UPDATE – The earthquake measured beneath Kīlauea Volcano’s south flank on Thursday was upgraded to a magnitude-4.4.
HAWAII VOLCANOES NATIONAL PARK – A magnitude 4.3 earthquake shook the shores of Hawai’i Volcanoes National Park late Thursday morning.
Hawii County Civil Defense issued an alert message on the quake, reporting the temblor was not large enough to cause a tsunami for the island or state of Hawai’i.
The 4.3 earthquake occurred at approximately 10:27 a.m. Thursday, and preliminary data shows the quake was centered in the vicinity of Hilina Pali in the Hawai’i Volcanoes National Park.
“As in all earthquakes, be aware of the possibilities of aftershocks,” Hawaii County Civil Defense stated in a message. “If the earthquake was strongly felt in your area, precautionary checks should be made for any damages, especially to utility connections of gas, water and power.”
UPDATE – The USGS Hawaiian Volcano Observatory says its “Did you feel it?” website received 175 felt reports within the first hour of the earthquake. The maximum intensity of shaking reported by Island of Hawaiʻi residents was III on the Mercalli Intensity Scale, indicating weak shaking.
According to HVO Scientist-in-Charge Christina Neal, the earthquake had no apparent effect on Kīlauea Volcano’s ongoing eruptions. “HVO monitoring networks have not detected any significant changes in activity at the summit or along the rift zones of Kīlauea or at other Hawaiian volcanoes resulting from the earthquake,” Neal reported in a media release.

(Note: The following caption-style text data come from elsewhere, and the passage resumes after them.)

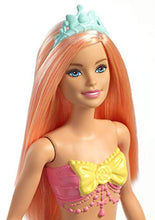 Carica l&#39;immagine nel visualizzatore di Gallery, Barbie Dreamtopia, Bambola Sirena con Coda Arcobaleno e Capelli Corallo,... - Ilgrandebazar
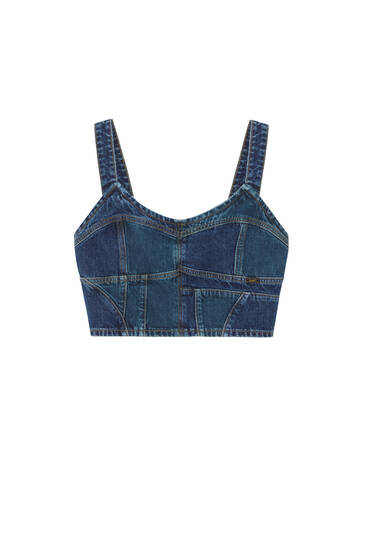 Cropped-Jeans-Top Lee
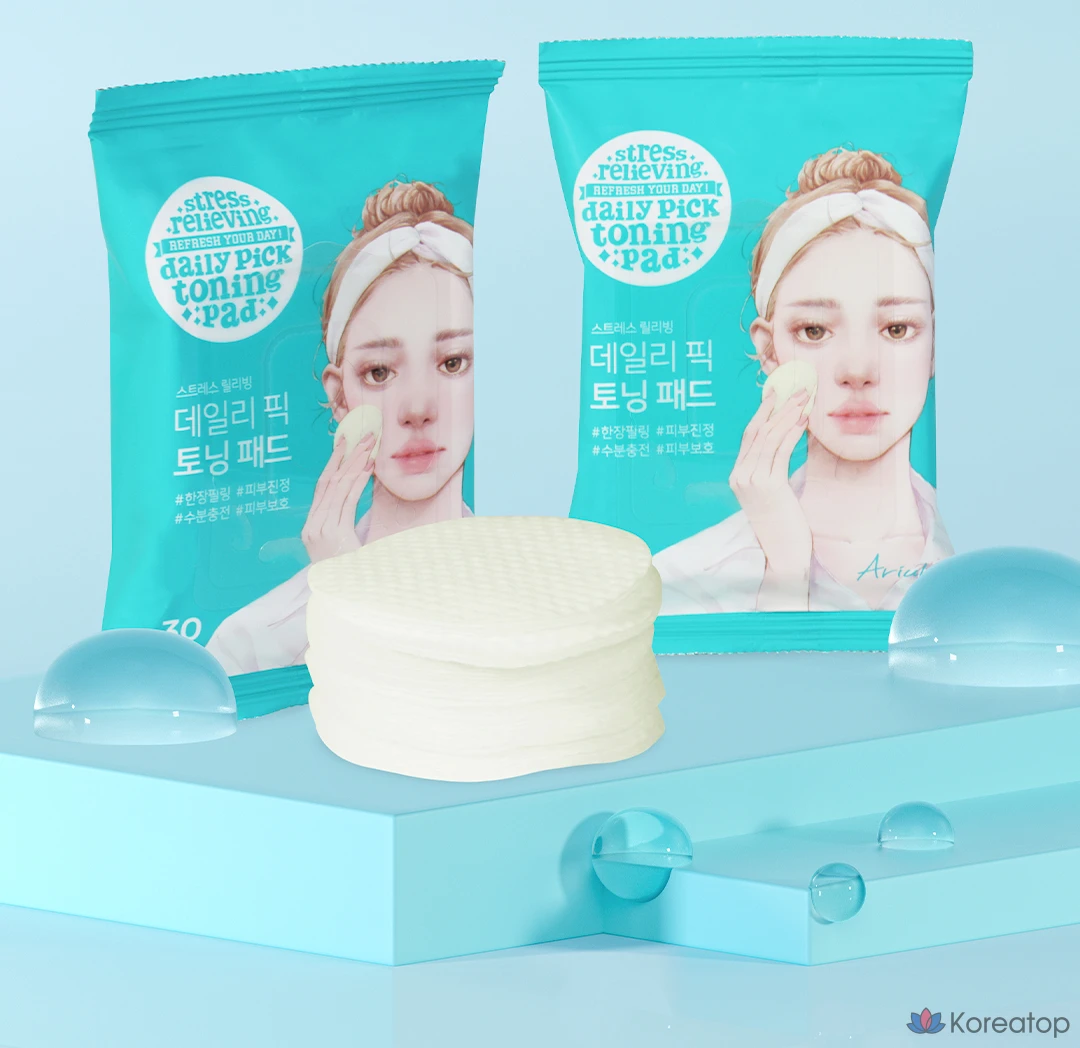Тонер-пэды Ariul Daily Pick Toning Pad, 57 г, 30 шт.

There was one minor (M2.6) foreshock and several minor aftershocks following this morning’s magnitude-4.4 earthquake, USGS says.
“Kīlauea’s south flank has been the site of 29 earthquakes of magnitude-4.0 or greater during the past 25 years,” the Hawaiian Volcano Observatory included. “Most are caused by abrupt motion of the volcano’s south flank, which moves to the southeast over the oceanic crust as a result of magma being injected into the East Rift Zone. The location, depth, and waveforms recorded as part of today’s earthquake are all consistent with slip along or above this south flank fault.”